APIK Indonesia Network. Indonesia telah dianggap memiliki perkembangan yang maju dalam pengendalian perubahan iklim dan berpeluang untuk mengajukan diri sebagai negara percontohan khususnya dalam pelaksanaan pengembangan kapasitas penanganan perubahan iklim. Hal ini terungkap dalam sidang ke 2 Paris Committee on Capacity-building (PCCB) tahun 2018 yang dilaksanakan pada tanggal 3-5 Mei di Bonn, Jerman.
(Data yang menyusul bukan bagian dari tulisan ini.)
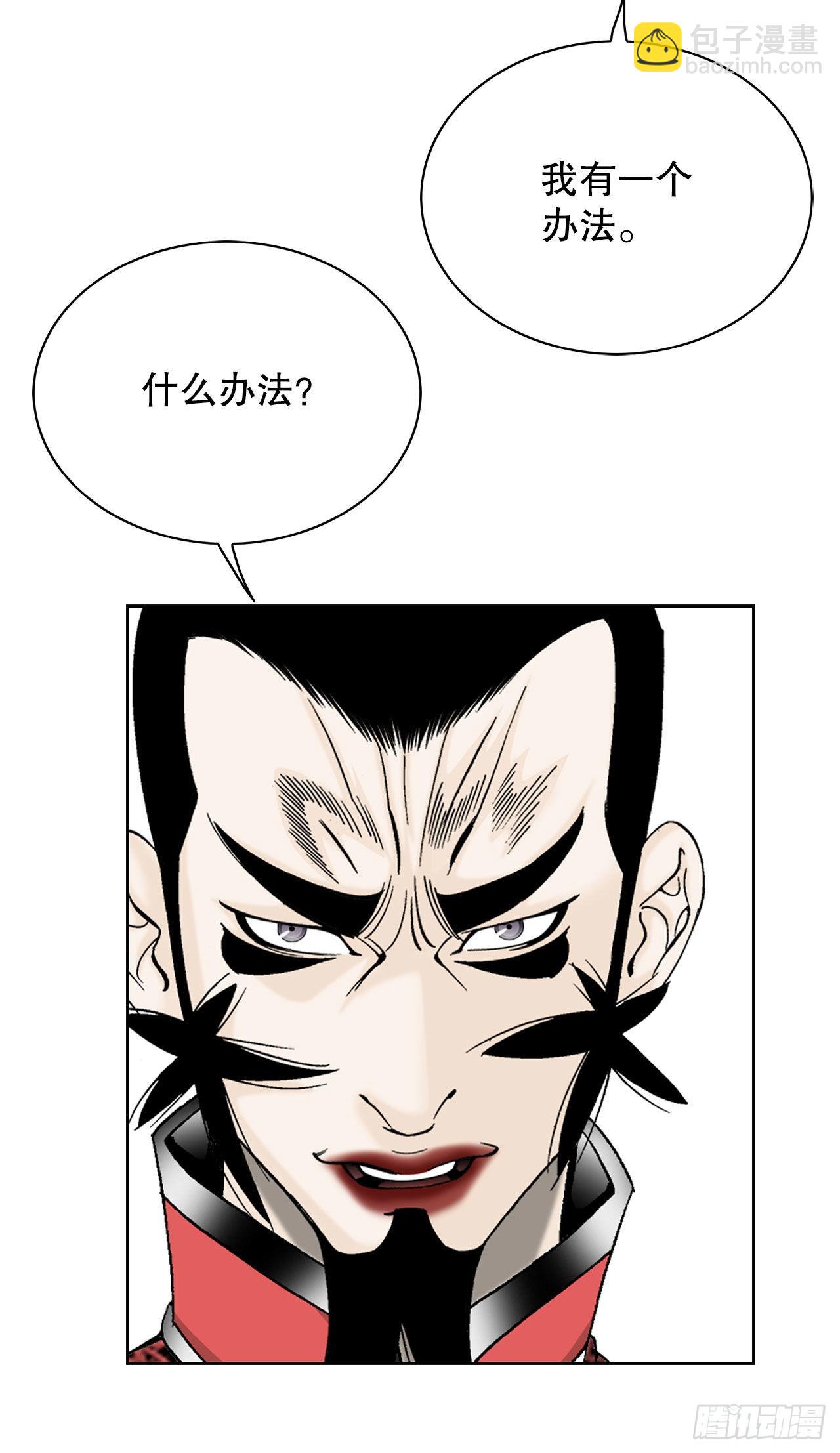 49.去青龙帮9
Oleh karena itu, Indonesia perlu segera mempersiapkan dan mengajukan diri menjadi negara percontohan untuk pengendalian perubahan iklim, khususnya dalam upaya peningkatan kapasitas mitigasi dan adaptasi, ungkap Mahawan Karuniasa, dosen Ilmu Lingkungan Universitas Indonesia yang menjadi anggota Komite PCCB.
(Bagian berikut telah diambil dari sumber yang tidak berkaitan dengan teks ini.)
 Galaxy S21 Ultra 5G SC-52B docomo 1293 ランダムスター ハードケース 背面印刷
PCCB adalah badan pertama yang dibentuk oleh United Nations Framework Convention on Climate Change (UNFCCC) setelah Paris Agreement, dengan tugas utama menangani kesenjangan dan kebutuhan global untuk peningkatan kapasitas negara berkembang dalam melaksanakan agenda perubahan iklim. PCCB beranggotakan 12 orang, terdiri atas 10 anggota dari 5 kelompok negara PBB, 1 orang dari perwakilan negara tertinggal, dan 1 orang dari negara kepulauan kecil. UNFCCC juga memberikan mandat kepada negara maju untuk mendukung dan membantu negara berkembang dalam meningatkan kapasitasnya. Tanpa peningkatan kapasitas dipastikan agenda Paris Agreement tidak dapat tercapai pada tahun 2030, sehingga peningkatan kapasitas menjadi isu yang mendesak. Telah banyak diketahui bahwa upaya menjaga kenaikan rata-rata suhu permukaan Bumi agar tidak lebih dari 2 derajad Celcius tidak cukup hanya dengan mencapai target Paris Agreement, namun juga masih perlu adanya ambisi lebih dalam pengurangan emisi gas rumah kaca global.
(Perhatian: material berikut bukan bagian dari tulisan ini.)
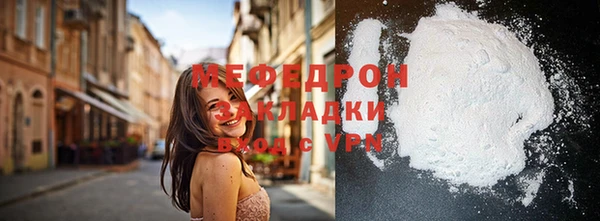 меф Аша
Dalam pembahasannya, hal lain yang mengemuka yaitu peningkatan perhatian PCCB pada isu kerugian dan kerusakan akibat bencana perubahan iklim. Berbagai negara yang rentan terhadap bencana perubahan iklim seperti Bangladesh, Nepal, India, dan negara-negara Afrika, wilayah Pasifik, Amerika Selatan, dan di Karibia telah banyak mengalami bencana perubahan iklim yang menimbulkan berbagai kerugian dan korban jiwa. Sedangkan di Indonesia, pada tahun 2016 bencana hidrometeorologis telah mencapai 2.342 kejadian yang sebagian besar adalah banjir, angin puting beliung, dan tanah longsor, padahal tahun 2002 hanya 143 kejadian saja, yang berarti meningkat 16 kali lipat. Menyikapi hal ini, Mahawan Karuniasa juga menyatakan perlunya Indonesia merumuskan kebutuhan peningkatan kapasitasnya untuk mengurangi kerugian dan kerusakan bencana terkait perubahan iklim. Persiapan Indonesia menjadi negara percontohan perlu menyeluruh, dan selain itu juga perlu disikapi sebagai momentum untuk mengatasi berbagai tantangan penanganan perubahan iklim yang masih dihadapi.